As one Indiana Republican described his party's opposition at the time, "The American people know we can’t borrow and spend and bail our way back to a growing economy or a healthy domestic automotive industry." Yet that's exactly what we've since done. The economy is growing, the auto industry is healthy, and every penny of the auto bailout money has been returned to the American taxpayer.
Given that history, it's interesting to watch many of those same Republicans now demanding that we hail Donald Trump as some kind of economic miracle worker. As he'll announce today in Indiana, Trump has helped put together a package of economic incentives that will keep 850 factory jobs at a Carrier air conditioner plant from moving to Mexico. Another 350 headquarters and engineering jobs slated to move to North Carolina will also stay in Indiana. That's all good news, particularly for those workers and their families.
Unfortunately, another 1,300 jobs at the factory will still be moving to Mexico, where Carrier can pay its new workers less than $20 a day. And it's worth noting that Vice President-elect Mike Pence, the Indiana governor who helped negotiate the state tax incentives needed to keep the Carrier plant open and who will bask in today's success alongside Trump, also happens to be the Indiana congressman quoted above as opposing government intervention in such matters.
Funny how these things work.
In addition to state tax incentives, Trump and Pence apparently found leverage in the fact that Carrier's parent company, United Technologies, holds some $5.6 billion in defense contracts with the federal government that might be endangered if the company refused to play ball. As an Indiana economic-development official told the Indianapolis Star, "This is an enormous company with all kinds of subsidiaries that do government work, and I am sure they want to keep it."
As the Star reports:
The source said Vice President-elect Mike Pence, who is still governor of Indiana, and his state commerce secretary, Victor Smith, had been in discussions with Carrier for weeks. In what the source described as a "carrot and stick" approach, Trump entered the negotiations later to discuss the company's relationship with the federal government."
Personally, I don't have a big problem with using that kind of leverage in these particular circumstances, for this particular goal, even though it's of dubious legality. But as I suspect we'll learn, once you start using lucrative federal contracts as a political reward or punishment, you open the door to a whole peck of trouble. (It also reflects the kind of bullying approach that we're likely to see often from the incoming administration, in pursuit of goals that will be a lot less defensible than saving jobs. )
But here's the larger problem, as reflected in this chart put together by the conservative American Enterprise Institute. As it documents, U.S. production of auto parts and automobiles hit an all-time peak in September 2016, up 21.2 percent from production in 2000. Yet that record level of production has been achieved with 34 percent fewer workers.
Look closely at what has happened just since the recession.

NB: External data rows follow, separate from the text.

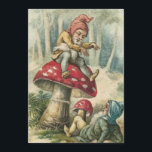 Vintage Christmas Gnomes On Mushroom Holiday Card<br><div class="desc">Vintage Christmas Gnomes Sitting On Top Of Mushroom Holiday Card.</div>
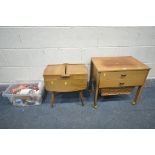 A MID-CENTURY WALNUT SEWING BOX, with a wicker basket, a teak sewing box, and a box of sewing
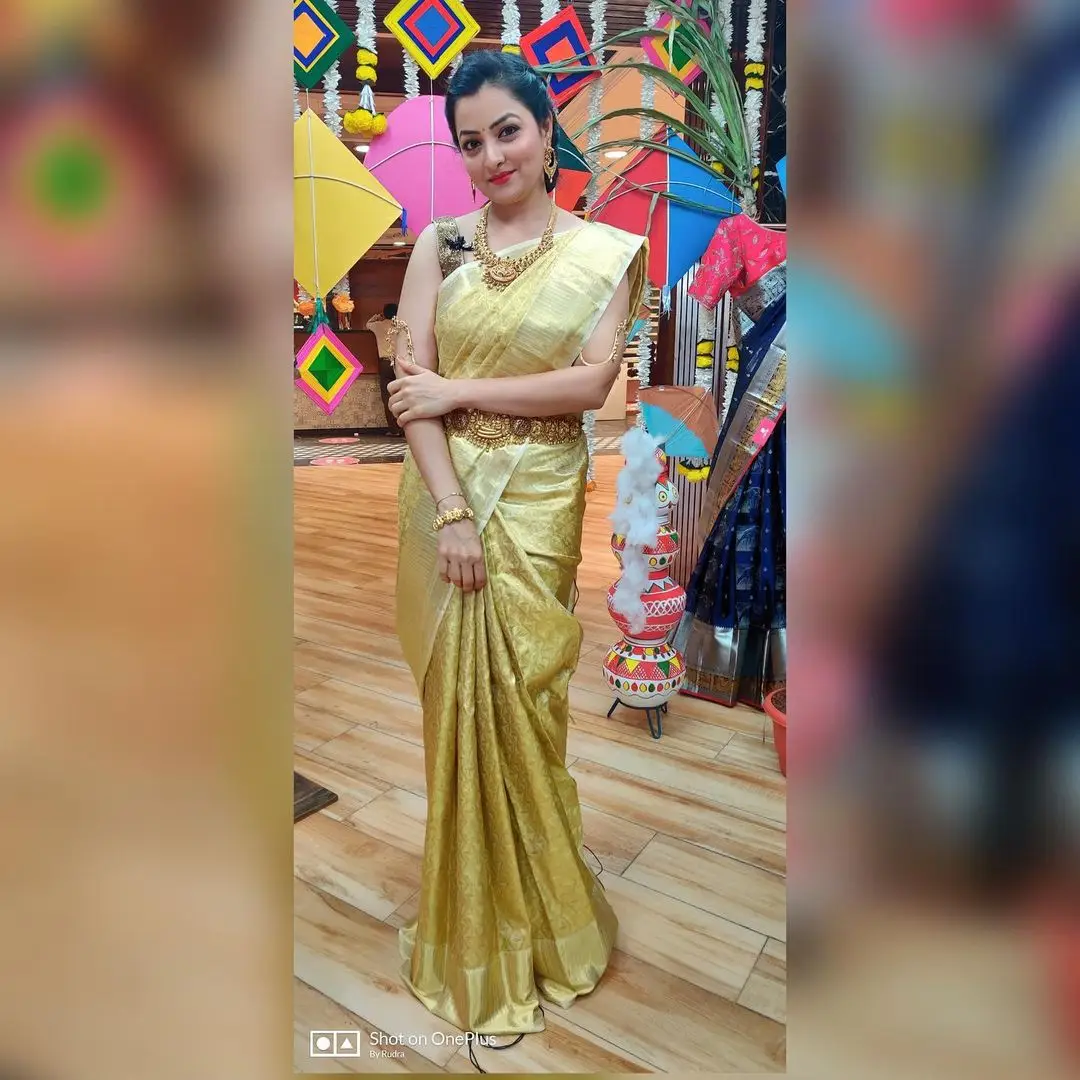 ETV Abhiruchi Madhuri Kandavalli Traditional In Yellow Saree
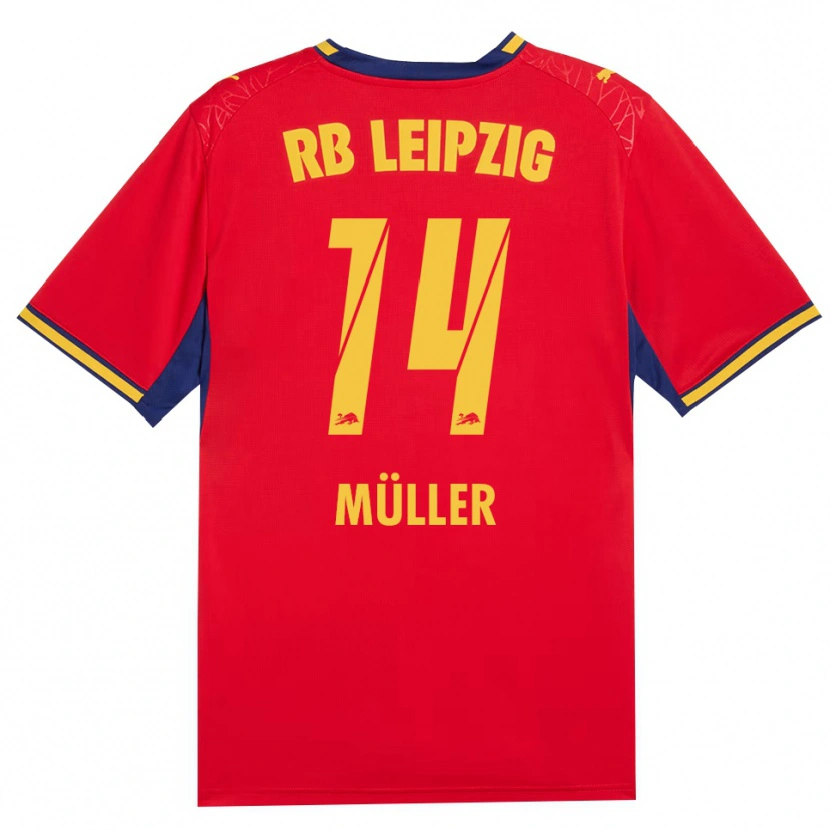 Danxen Pánské Hannes Müller #14 Červená Žlutá Královská Modř Daleko Hráčské Dresy 2026/27 Dres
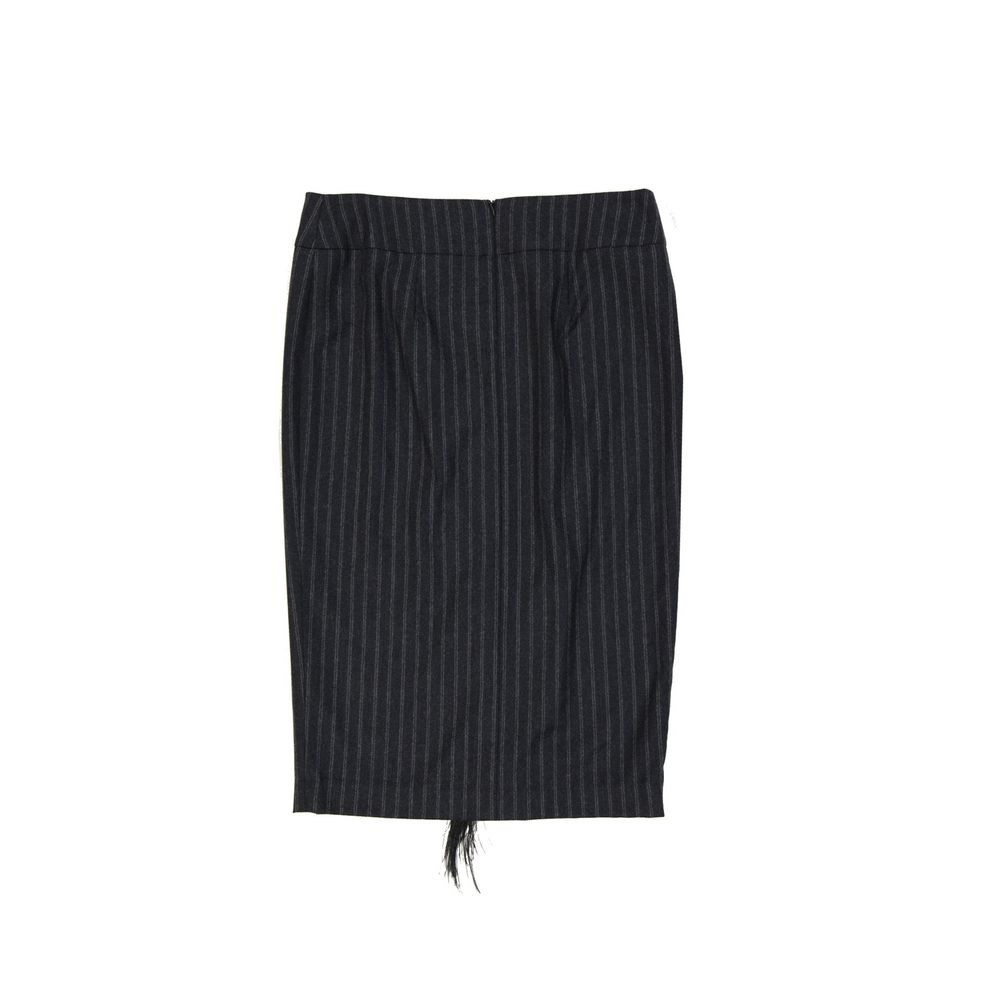 Black pencil skirt with vertical stripes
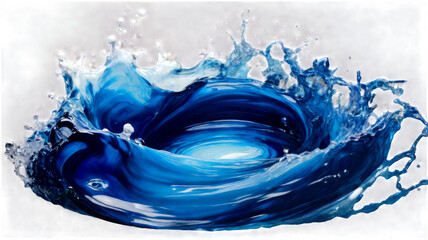 Poster - Blue whirlpool splash isolated on transparent background, slightly wavy flowing liquid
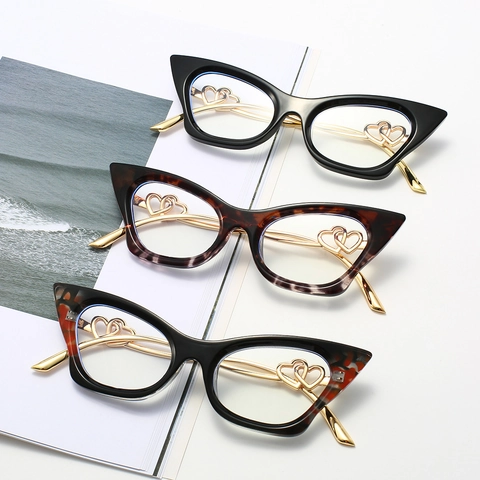 Fashion Cat Eye Eyeglasses Frames For Women Anti Blue Light PC Frame Double Heart Metal Temples Retro Style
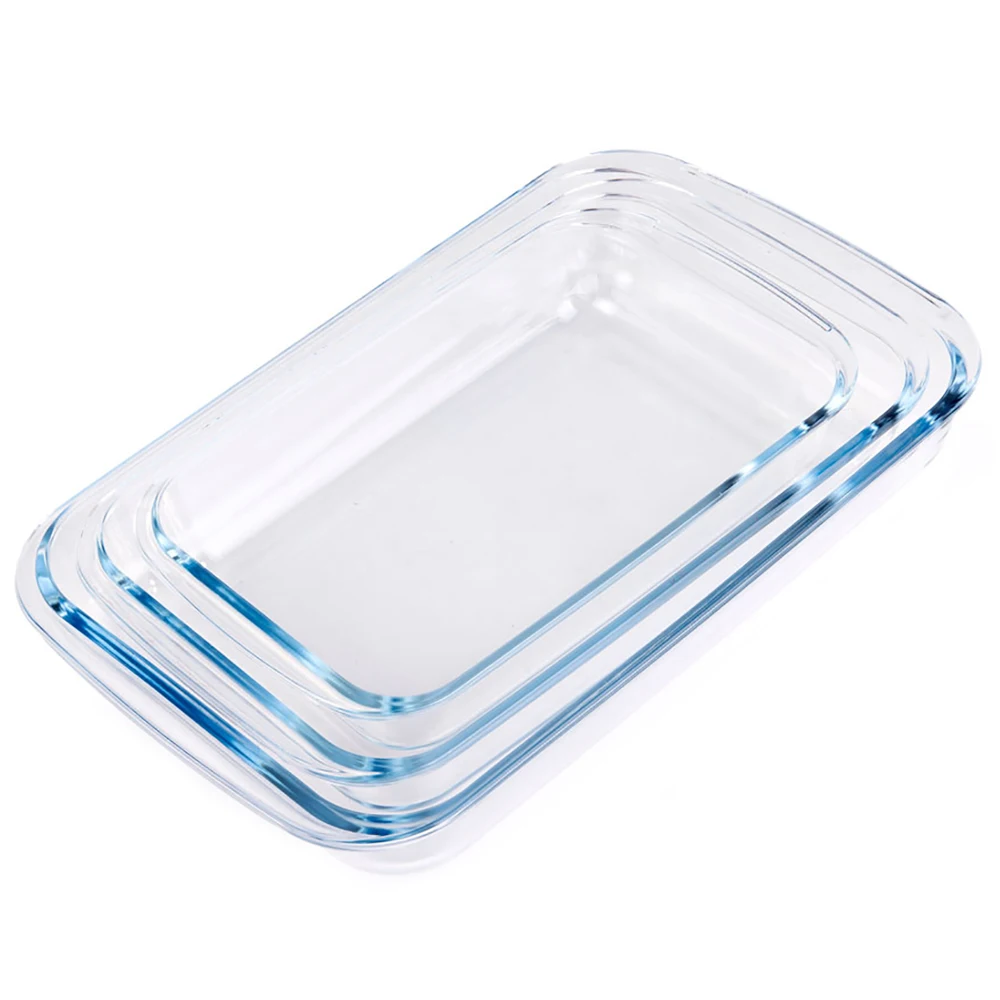 XSQUO Set of 3 oven trays (up to 420 °) Gourmet borosilicate glass Tools Pyrex type, suitable for oven, microwave, dishwasher and refrigerator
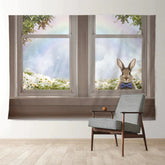 Aperturee - Kaninchen aus dem Fenster Blumen Regenbogen Ostertagsbanner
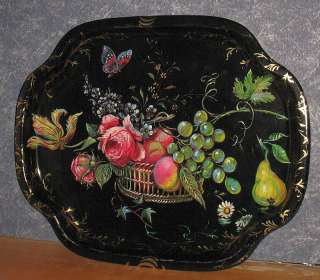   Elite Trays England Fruit Flowers Butterfly Metal Serving Tray  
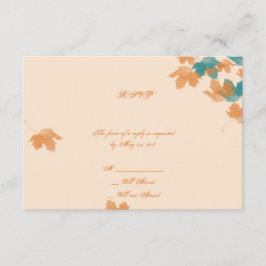 Oranje Aqua Autumn-leverbaar-responskaart RSVP Kaartje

Output has soared by 165 percent, while growth in employment has been much more gradual. Overall, an estimated 80 to 90 percent of the manufacturing jobs lost in this country since peak manufacturing employment in 1977 have been lost due to productivity improvement here at home, not because the factories moved overseas.
As the Wall Street Journal points out, "Even if Indiana could negotiate one such deal every single week for the next three years, adding 1,000 jobs each time, manufacturing would still employ fewer people in the state than it did in the year 2000."
There is nothing that Trump or anyone else can do to reverse or slow that process. Tax cuts certainly can't fix it; if anything, they may accelerate investment in robots and other labor-saving technologies. And cutbacks in the social safety net will only compound the damage done to those cast adrift by that process. The policy challenges created by this new economy require that we think through fundamental changes in how we reward and allocate work, and our leaders are a long, long way from coming to grips with that fact.